Only time will tell how Sanders does as a presidential candidate. As far left as he is, however, even if he DOES somehow win an upset bid, one has to wonder if his money-burning ways are too lavish, even for the Democrats in Congress. Over the next 10 years, Sanders’ entitlement initiatives alone are tabbed at $18 trillion, and his stated taxation plans still leaves an $11.5 funding gap wide open. Progressive, they may be, but a lot of middle class liberals still like them some capitalism, and the Sandman’s proposals royally screw over the working class Dems (whom, after taxes, are effectively thrust into poverty by his propositions.)
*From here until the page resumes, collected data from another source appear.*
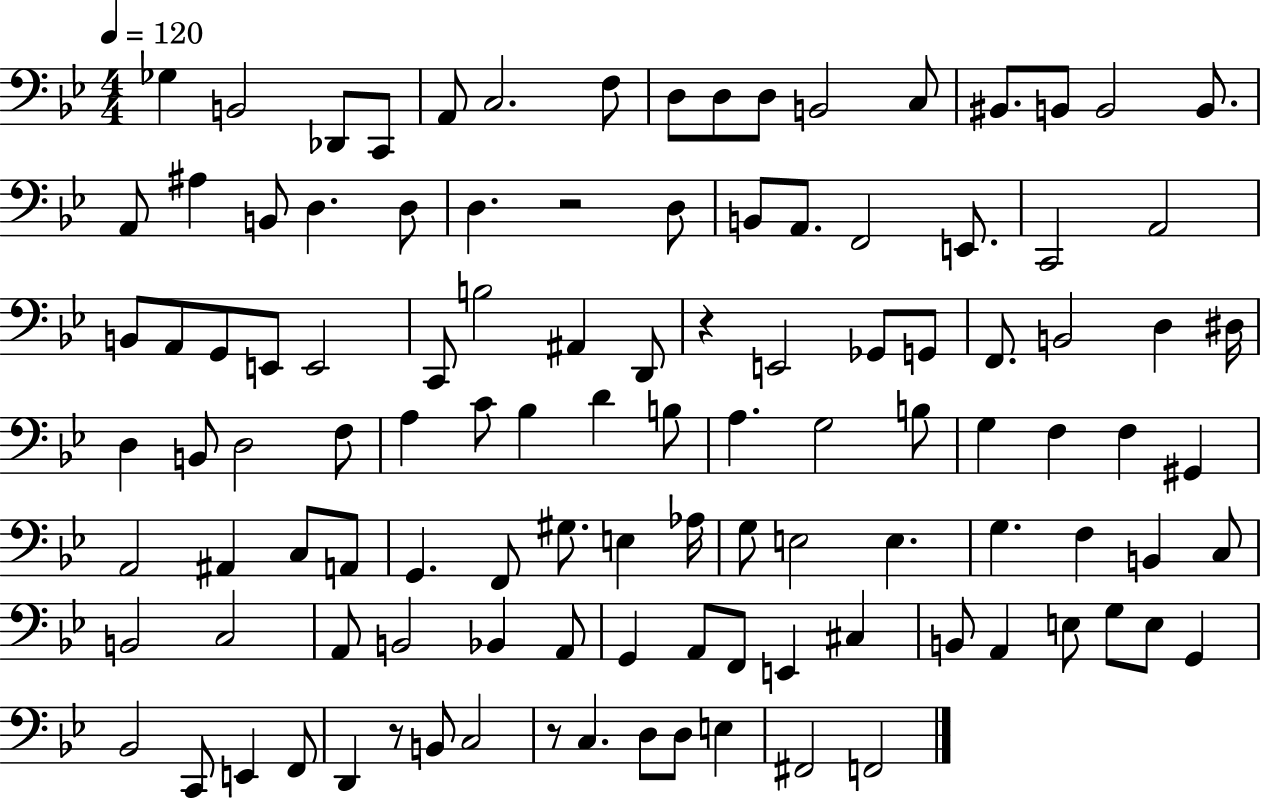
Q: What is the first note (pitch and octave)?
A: Gb3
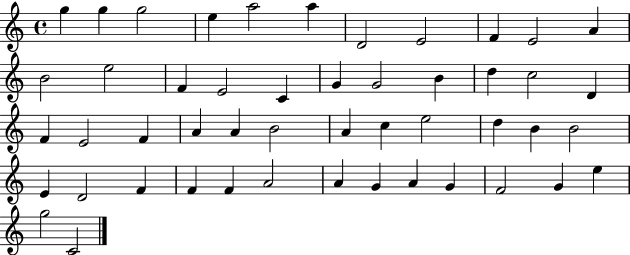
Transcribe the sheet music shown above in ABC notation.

X:1
T:Untitled
M:4/4
L:1/4
K:C
g g g2 e a2 a D2 E2 F E2 A B2 e2 F E2 C G G2 B d c2 D F E2 F A A B2 A c e2 d B B2 E D2 F F F A2 A G A G F2 G e g2 C2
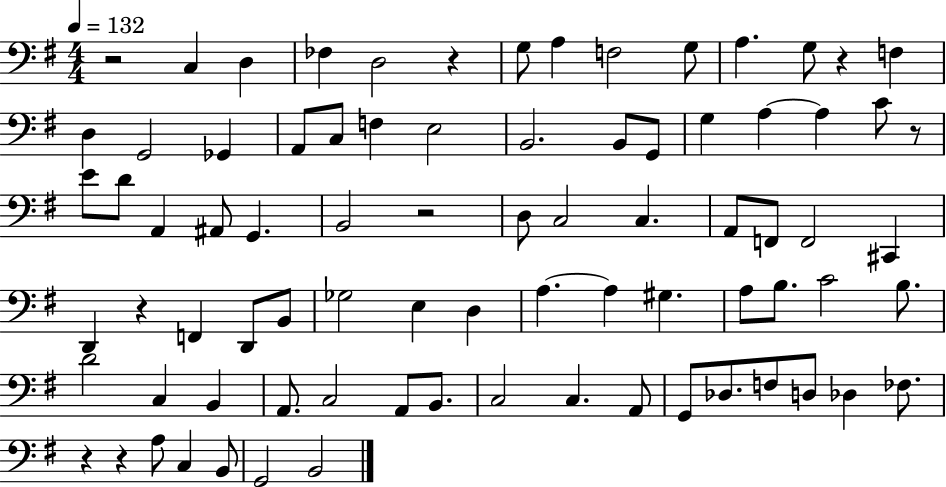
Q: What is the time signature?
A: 4/4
Underemployed baristas and guys that vape in their parents’ basements all day may worship at his feet, but I’m guessing a lot of moderates aren’t exactly feeling the Bern in a good way. Considering the mathematical unworkability of his proposals, even his staunchest supporters might wind up regretting their naïve hero worship once the economic toll of all those grandiose projects and programs shows up on their paychecks.
Be careful what you wish for, kids. After all, you might just end up with Bernie Sanders in the Oval Office … and a much lighter wallet than you’d imagined.